Dois-je rappeler que j'ai découvert l'an dernier Jean-Pierre Le Goff et que j'ai entrepris de revenir sur les traces de ses pérégrinations berrichonnes : « J'ai dû rendre à la médiathèque le livre de Jean-Pierre Le Goff. J'en ai photocopié auparavant toutes les pages qui font mention d'un site berrichon, cela fait un beau recueil. J'ai l'intention de consacrer une note à chacun des chapitres concernés, en me rendant si possible sur les lieux désignés. Une sorte d'inventaire berrichon des lieux legoffiens. J'ai d'autant plus de volonté d'accomplir cette sorte de pélerinage que j'ai appris récemment, de la bouche de quelqu'un qui l'a connu, et qui reçut plusieurs de ces missives que le poète adressait à ses amis, que Jean-Pierre Le Goff était hélas très malade. Ce qui sincèrement m'attrista. Je ne cherche pas, je l'ai dit, à contacter les auteurs que je cite ici : je laisse oeuvrer le seul hasard, comptant sur sa malice.

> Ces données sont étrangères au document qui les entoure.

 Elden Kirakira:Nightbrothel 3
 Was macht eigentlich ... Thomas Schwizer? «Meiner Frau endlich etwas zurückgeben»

Mais aujourd'hui je sais que le hasard ne me servira pas, qu'il n'est pas même d'attente possible. J'irai donc sur les traces de JPLG, ce sera mon hommage à lui rendu. »

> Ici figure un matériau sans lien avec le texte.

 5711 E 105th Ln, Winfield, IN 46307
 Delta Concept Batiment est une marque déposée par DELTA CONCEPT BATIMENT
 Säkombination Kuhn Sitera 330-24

Je dois avouer maintenant que cette entreprise n'a pas beaucoup avancé, qu'elle est même au point mort. Mais je n'y ai pas renoncé et cette nouvelle rencontre m'aiguillonne, je compte bien un jour ou l'autre aller voir la pierre à sexe de Pouligny Saint-Pierre, prochaine étape de cet intinéraire legoffien.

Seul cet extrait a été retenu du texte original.